» EXCERPTED RECORDS:
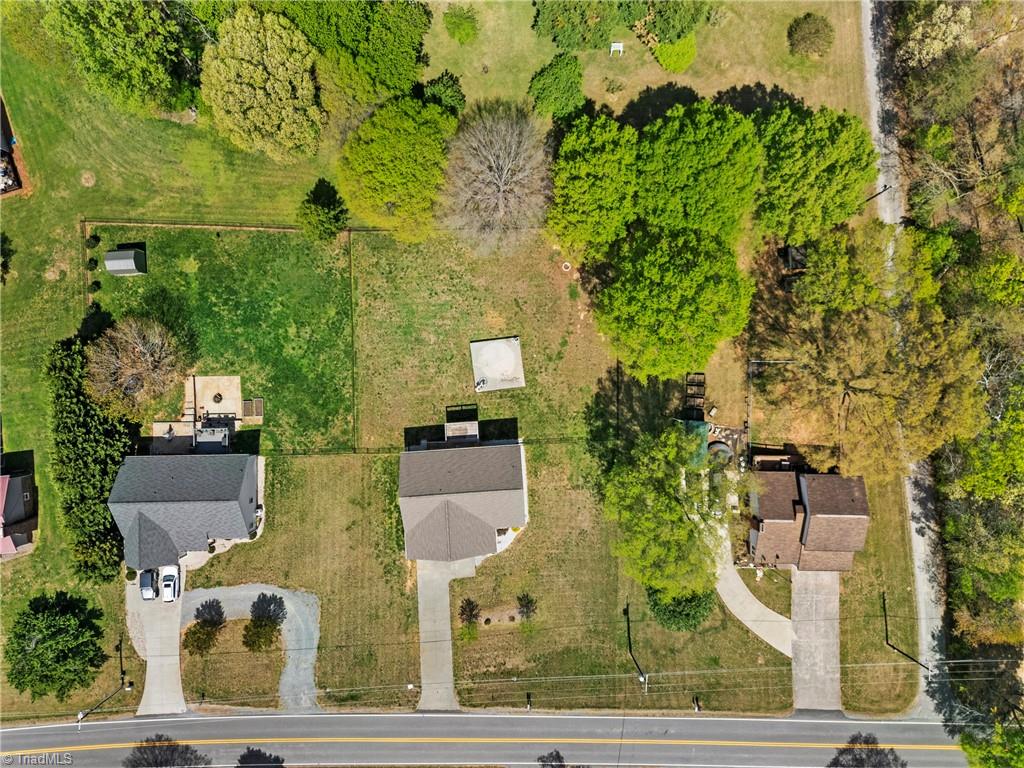 1880 Chestnut Grove Road King, NC 27021 - Photo 2 of 27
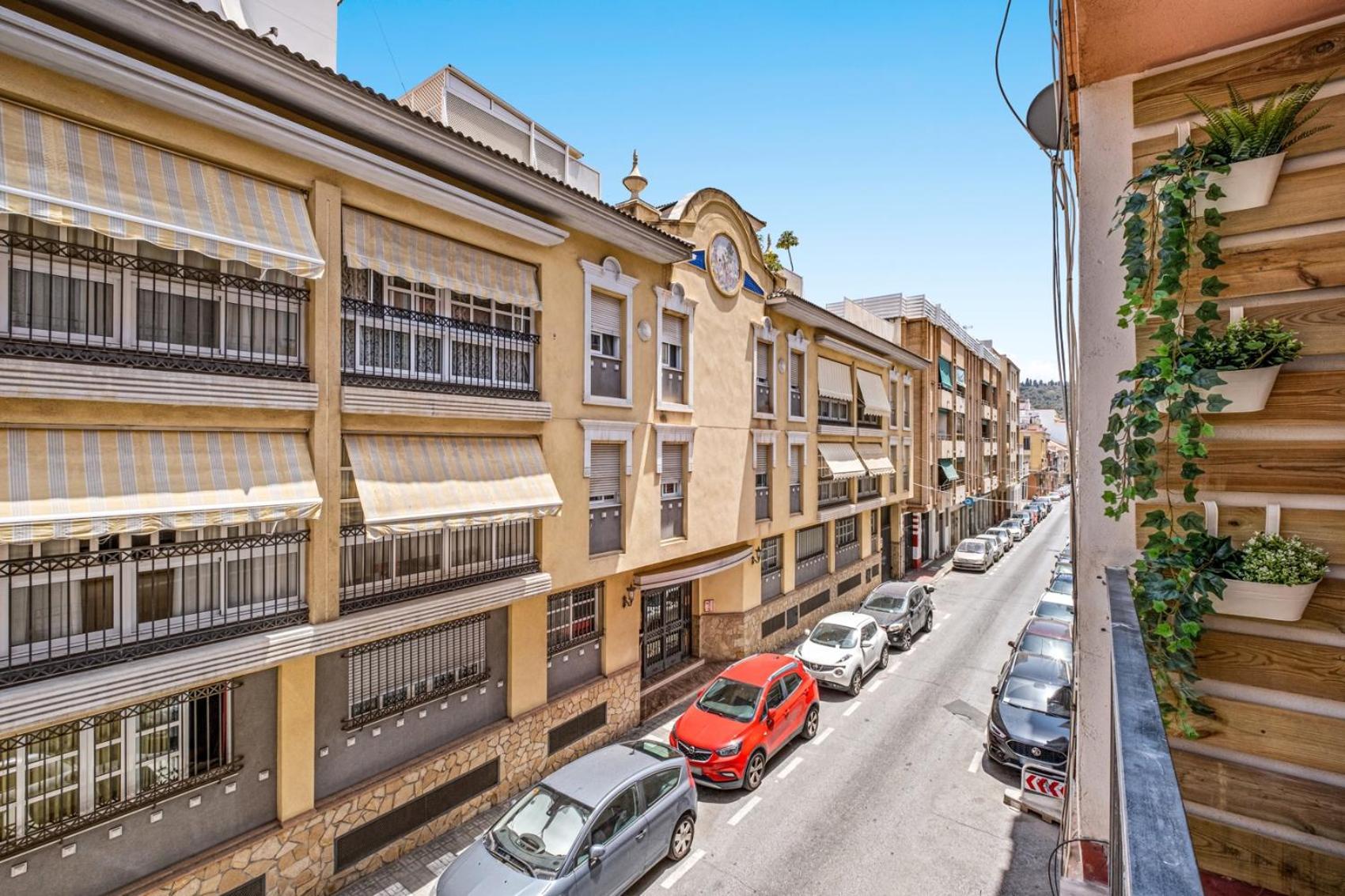 Apartamento 3 Dormitorios, 2 Banos Y Balcon Málaga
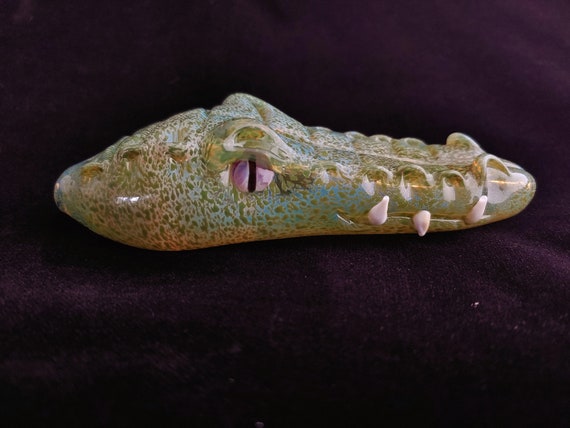 Glass Gator Head Pipe | Color Changing | Unique Glass Art | Fast Shipping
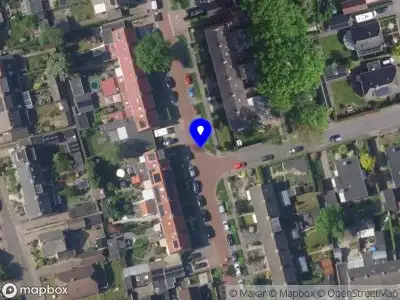 Brandweer met grote spoed naar de Ligusterweg in Nunspeet vanwege afhijsen patient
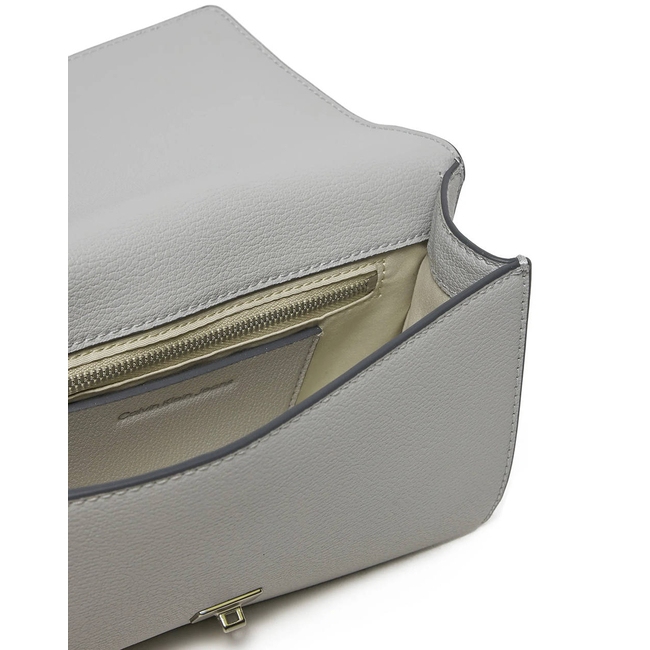 Product CALVIN KLEIN JEANS FORGED LOCK SMALL FLAP (Dimensions: 21 x 12 x 5cm.) base image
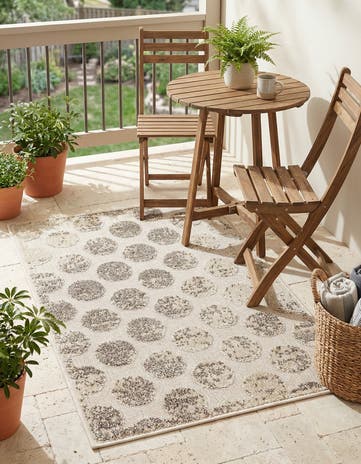 2' x 3' Easy-Clean Sabrina Soto Indoor / Outdoor Rug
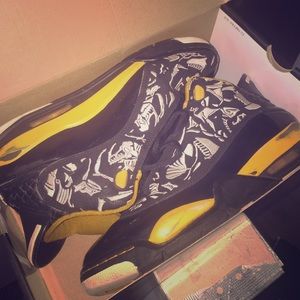 Yellow black and white dub zeros (men size)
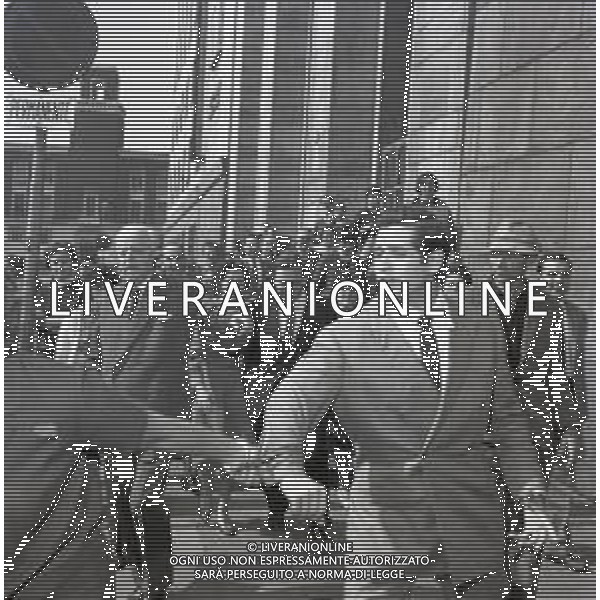 NEG-RETROSPETTIVA CORRADO PANI ATTORE NELLA FOTO CORRADO PANI NELL\'ANNO 1963 ESCE DAL TRIBUNALE DI MILANO PER LA SEPARAZIONE DALLA MOGLIE RENATA MONTEDURO AG ALDO LIVERANI SAS 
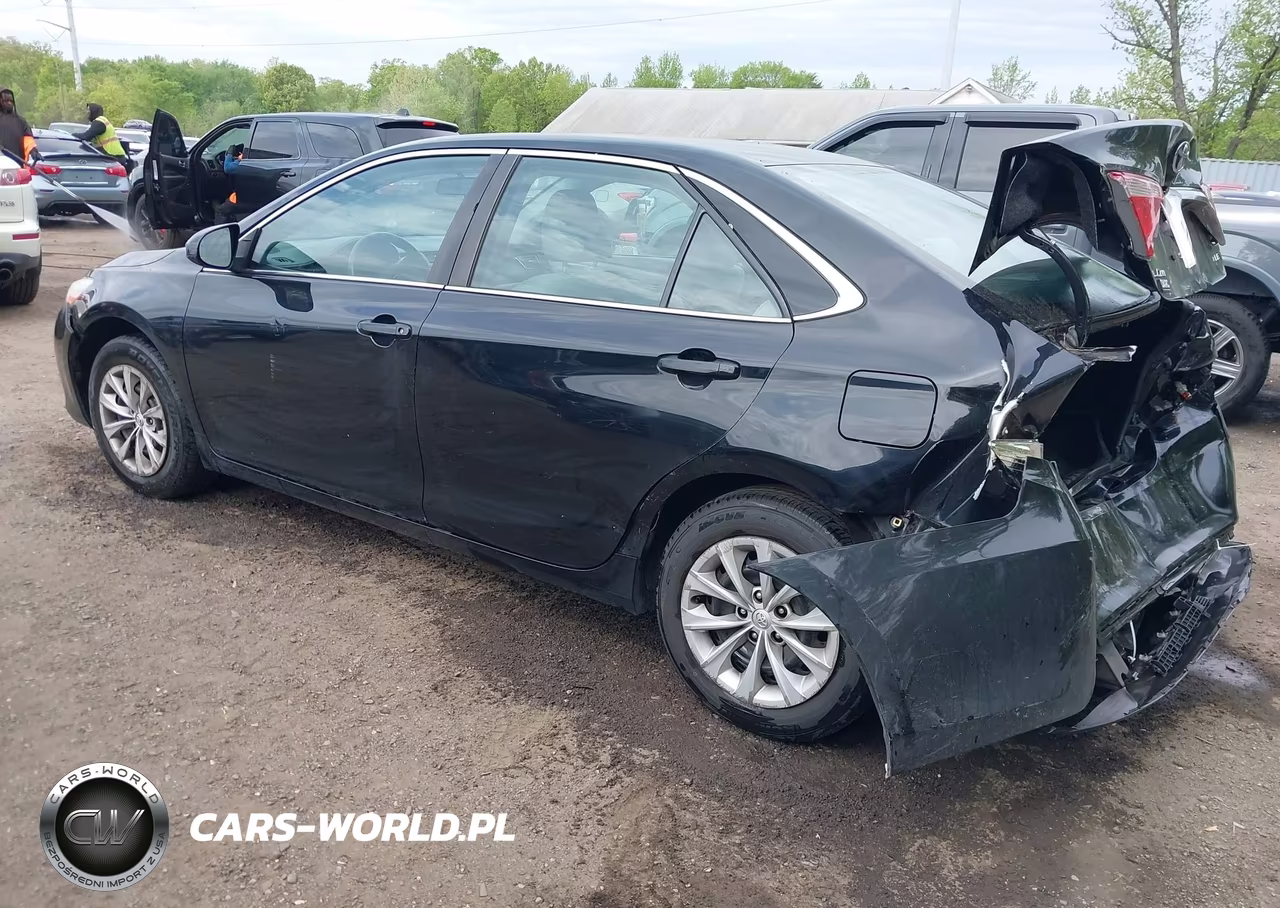 2017 Toyota Camry Le VIN:4T1BF1FKXHU779591 - 3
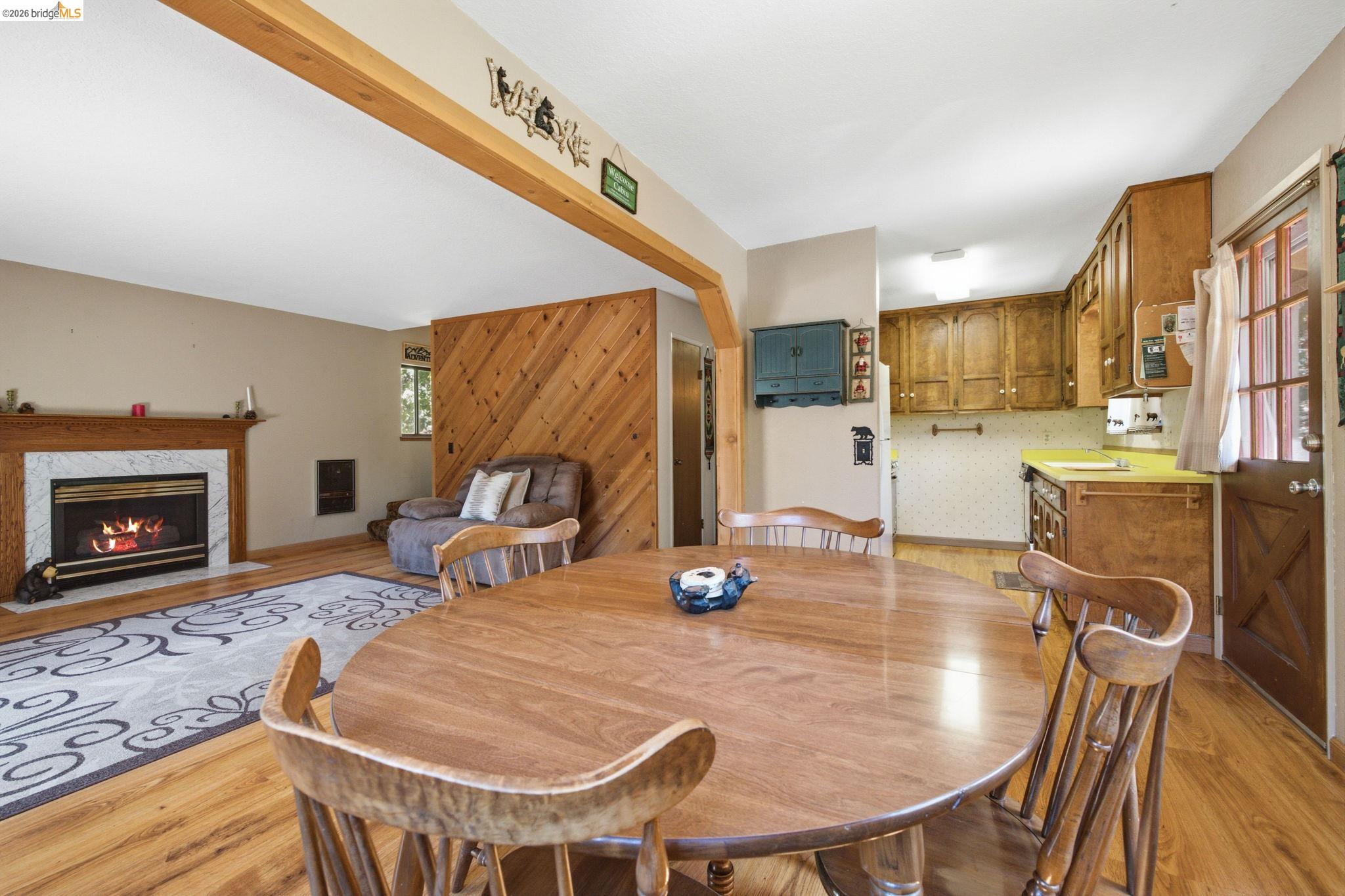 23593 Lakewood Dr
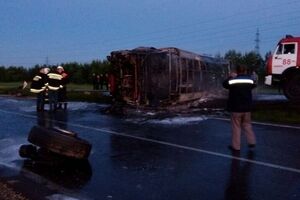 З автобуса рятувальники витягнули вісім тіл загиблих, особи яких установлюють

» EXERCISE PROMPT: Across the whole listing, reproduce each line verbatim and exclude every picture.

» OUTPUT:
 1880 Chestnut Grove Road King, NC 27021 - Photo 2 of 27
 Apartamento 3 Dormitorios, 2 Banos Y Balcon Málaga
 Glass Gator Head Pipe | Color Changing | Unique Glass Art | Fast Shipping
 Brandweer met grote spoed naar de Ligusterweg in Nunspeet vanwege afhijsen patient
 Product CALVIN KLEIN JEANS FORGED LOCK SMALL FLAP (Dimensions: 21 x 12 x 5cm.) base image
 2' x 3' Easy-Clean Sabrina Soto Indoor / Outdoor Rug
 Yellow black and white dub zeros (men size)
 NEG-RETROSPETTIVA CORRADO PANI ATTORE NELLA FOTO CORRADO PANI NELL\'ANNO 1963 ESCE DAL TRIBUNALE DI MILANO PER LA SEPARAZIONE DALLA MOGLIE RENATA MONTEDURO AG ALDO LIVERANI SAS 
 2017 Toyota Camry Le VIN:4T1BF1FKXHU779591 - 3
 23593 Lakewood Dr
 З автобуса рятувальники витягнули вісім тіл загиблих, особи яких установлюють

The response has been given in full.